An engrossing novel, which charts the devastating, lifelong impact of a misguided child's testimony, in the wake of sordid domestic incidents. Belatedly, Briony Tallis, acknowledging her role in the deceit destined to shatter her family and the life of her sister's lover, seeks to atone. In this acclaimed work, McEwan deftly develops the plot against the backdrop of Britain in the 1930s, 40s and post-war, conferring upon the book momentum, but also a weight of years, which carries the reader seamlessly to a contemporary conclusion.

One can but feel a sense of enduring torment for Briony, though dwarfed by the price paid by Cecilia Tallis and her would-be suitor, Robbie Turner.
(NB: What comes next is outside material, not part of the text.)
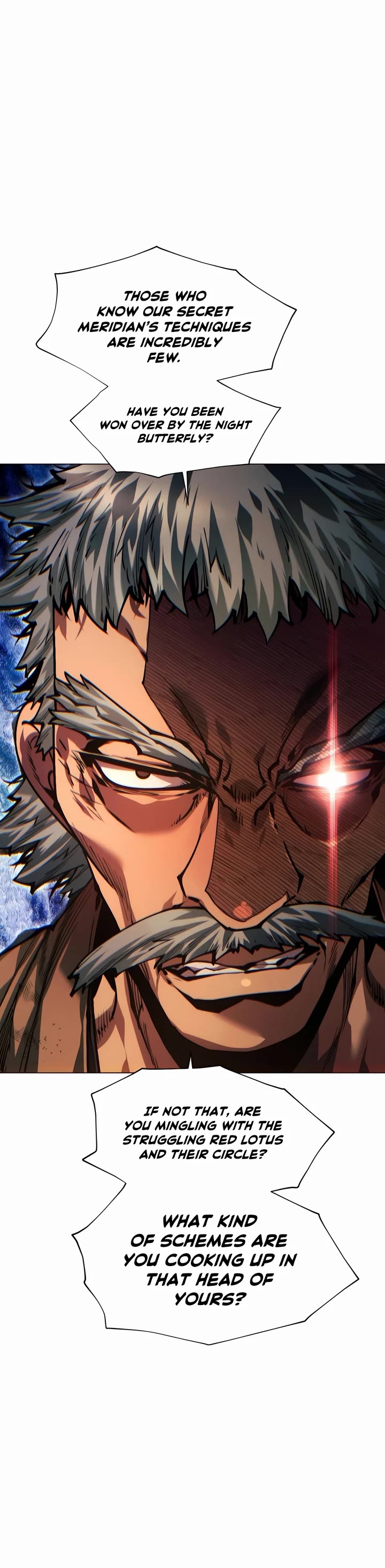 A Modern Man Who Got Transmigrated Into the Murim World Chapter 134 page 15 - Chapter 134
The sweep of the book touches on class, and the seismic social change in Britain advanced by the war, as experienced by the main characters. However, while the fickle nature of fate is evident, so too is the injustice of an immutable social order destined to ensure the 'criminals' live the life that was expected, apparently untainted by their willingness to sacrifice the innocent.

The book also offers a commentary on love, but challenges the construction of romantic idylls, which demand a happy ending. Rather, Briony's gnawing sense of guilt is overtaken by the reality of events and her sense of 'doing the right thing' must suffer an unsatisfying delay. The resulting sense of unfairness for the victims is palpable and skilfully managed by McEwan, which is testament to his writing powers. Ultimately life can be unfair, despite our hankering for 'natural justice'!

This was my first dip into the work of this author, but on this evidence he is rightly lauded and I found 'Atonement' a truly absorbing read.